Den Rechner benötigen die Vaihinger für Simulationen. Wissenschaftler nutzen ihn, um zum Beispiel Luftverwirbelungen an Autos zu berechnen. So lassen sich die Ströme vom ersten Auftreffen auf den Kühlergrill bis zum Austritt aus einem der Radkästen nachvollziehen. Punktwolken streifen dann durch Schlitze in der Verkleidung und umspülen die Bremsen oder die Achsen. Auf die gleiche Art lassen sich etwa Verbrennungsprozesse in einem Motor oder Turbulenzen an Turbinenschaufeln berechnen. So können bereits am Bildschirm Lösungen für Probleme gefunden werden, statt die Maschinen erst zu bauen und sie dann aufwendig zu testen.

Aufgebaut wurde das System im Sommer von einem halben Dutzend Cray-Technikern. Die amerikanische Firma hat sich auf den Bau von Supercomputern spezialisiert, und um die 21 Schränke von Hornet durch 20 weitere zu ergänzen, brauchten sie knapp einen Monat. Insgesamt belegt der gewachsene Rechner eine Fläche von 250 Quadratmetern. Ende September wurde er von den Spezialisten abgenommen. Bis April 2017 wird er der schnellste Computer im Land bleiben. Dann soll in Jülich ein noch größerer Rechner ans Netz gehen.

Hermit, Hornet und Hazel Hen haben 75 Millionen gekostet

Haselhuhn, meint Resch, sei eine logische Erweiterung von Hornisse. Und zwar aus namenstechnischer Sicht. Denn schon der Vor-Vorgänger hatte mit Hermit einen ebenfalls eher seltsamen Namen. „In Amerika haben die Rechner Namen wie Jaguar und Krake“, sagt der HLRS-Chef. Ziemlich martialisch klinge das. Und deshalb baten die Cray-Leute die Vaihinger seinerzeit um etwas Kreativeres. Resch entschied sich für den Juchtenkäfer, auf englisch Hermit Beetle genannt. Der ist vom Aussterben bedroht und geisterte damals im Zuge der Stuttgart-21-Debatte durch die Presse. Fortan suchte Resch nach Tieren, die mit H beginnen und keinen leichten Stand haben. Hermit, Hornet und Hazel Hen haben zusammen übrigens 75 Millionen Euro gekostet.

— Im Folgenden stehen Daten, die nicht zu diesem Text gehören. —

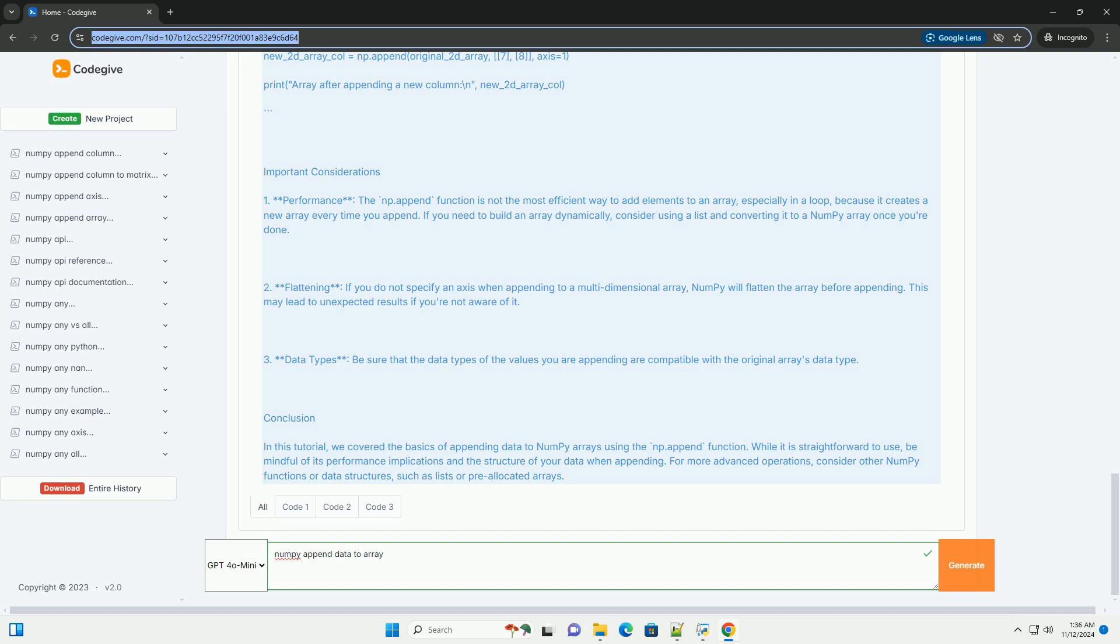Performance: the np.append function is not the most efficient way to add elements to an array, especially in a loop, because it creates a new array every time you append. If you need to build an array dynamically, consider using a list and converting it to a NumPy array once you're done.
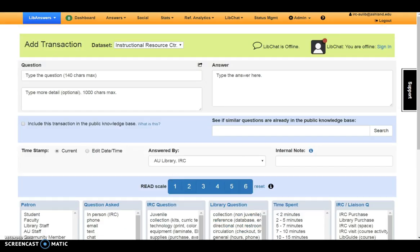Take time to review Step 2, IRC Reference Analytics, in the module before completing the Quick Check. And remember, please feel free to ask questions or review the tutorial booklet as needed.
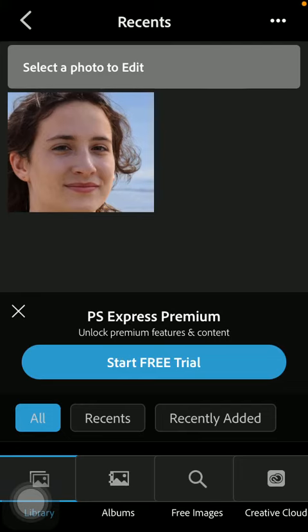Hello guys! In this video I'm going to show you how to modify your face on the Photoshop application.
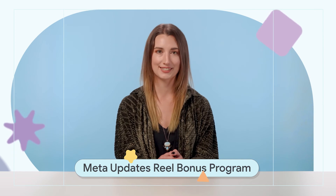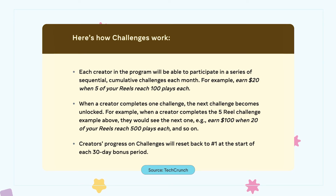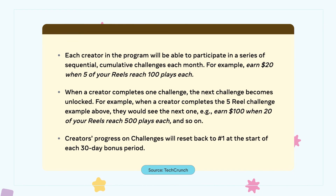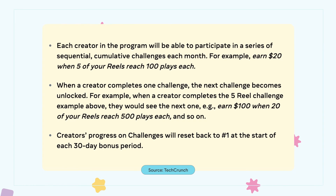Meta made changes to their Reel Bonus Program with an update concerning Facebook Reels. The update introduces challenges, a new way to earn money with Reels on Facebook. Participants can unlock a series of sequential challenges and earn up to $4,000 per month. Completing one challenge will unlock the next. After a 30-day period, the challenges will reset and creators can start over. According to Meta, an example challenge could be: "Earn $20 when 5 of your Reels reach 100 plays each." The update also expands the access to overlay ads to more creators and includes changes in the way payouts are calculated. Currently, access to the Reels Bonus Program is limited and on an invite-only basis.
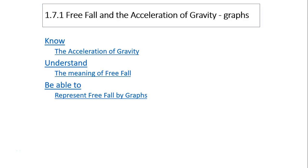Hi, this is Mrs. LaBarbara. Today's topic is Free Fall and Acceleration of Gravity, Part 1 Graphs. The objectives are: know the acceleration of gravity, understand the meaning of free fall, and be able to represent free fall by graphs.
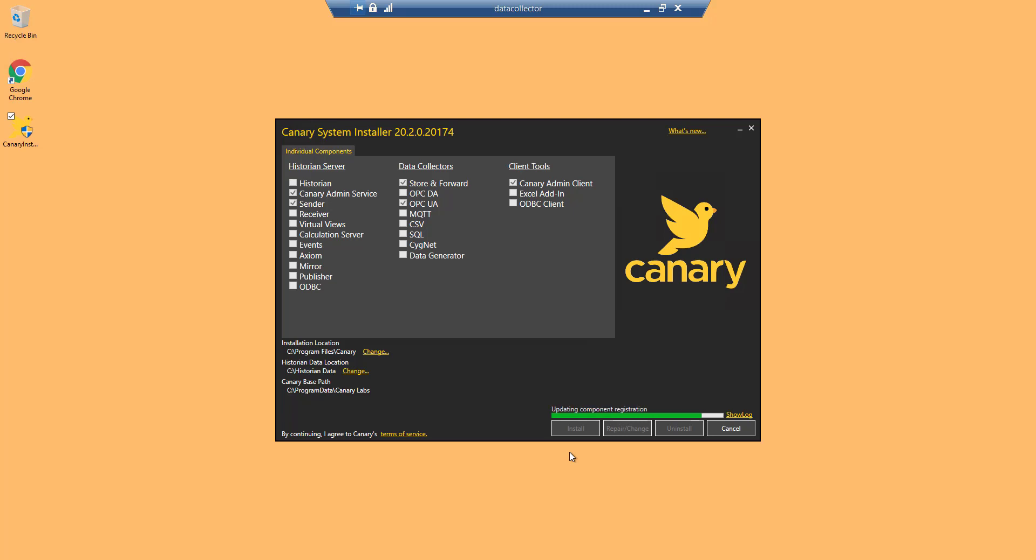It only takes a few moments for the Canary system installer to run, and you can follow the progress in the lower right-hand corner.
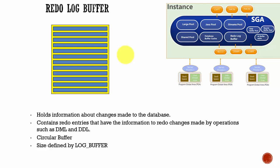Whatever changes are made to the database like inserting data into a table, updating data, deleting rows from a table, creating a table, or dropping a table. All those changes are stored in the redo log buffer.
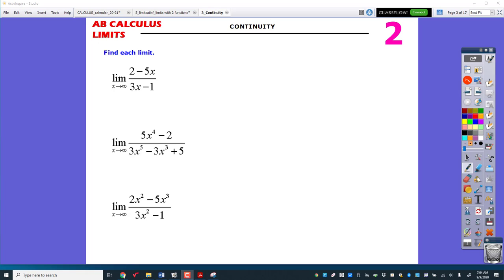We're going to do some limits that go to infinity, and we're going to do some one-sided limits that you can't use your normal five methods for. And then we're going to finish up with the three-step test for continuity, adding to our knowledge of limits.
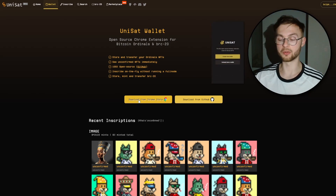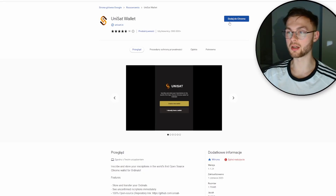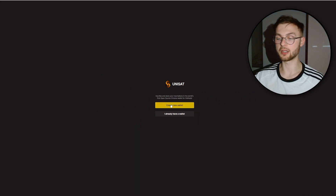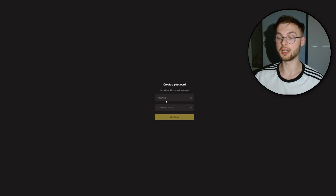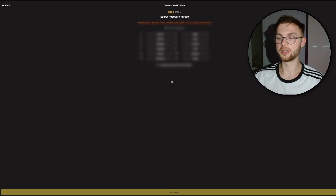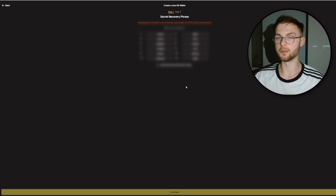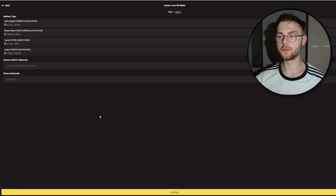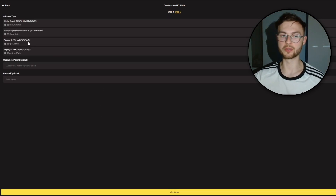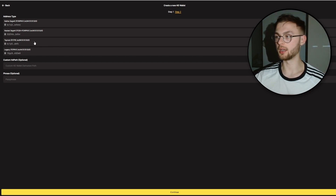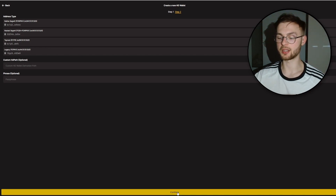To get started with UniSat, download it from the Chrome Web Store, add it to your browser, and click 'Add to Chrome.' Then create a new wallet, set your password, and click continue. Save your seed phrase somewhere secure. When asked which address type to use for trading ordinals and BRC-20 tokens, select Taproot, then click continue.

In Vaihingen gab es dieser Tage einen weiteren Grund zur Freude. Fünf Monate nach der Grundsteinlegung wurde vor zwei Wochen das Richtfest für den Erweiterungsbau gefeiert. An der Nobelstraße soll ein neues Schulungs- und Trainingszentrum entstehen, denn irgendwo müssen die Forscher auf den Umgang mit Supercomputern vorbereitet werden. „Mit rund 800 Teilnehmern jährlich ist das HLRS Europas größte Weiterbildungseinrichtung für Höchstleistungsrechnen“, sagt Resch. Sechs Millionen Euro wird die Einrichtung kosten und im Oktober 2016 in Betrieb gehen.

Anerkennung kommt auch von Seiten der Universitätsleitung. „Mit der Rechnererweiterung und der Weiterbildungseinrichtung für Höchstleistungsrechnen hat die Universität Stuttgart ihre Position als führendes Wissenschaftszentrum für Simulationstechnologie in Deutschland und Europa weiter ausgebaut“, teilt der Uni-Rektor Wolfram Ressel mit.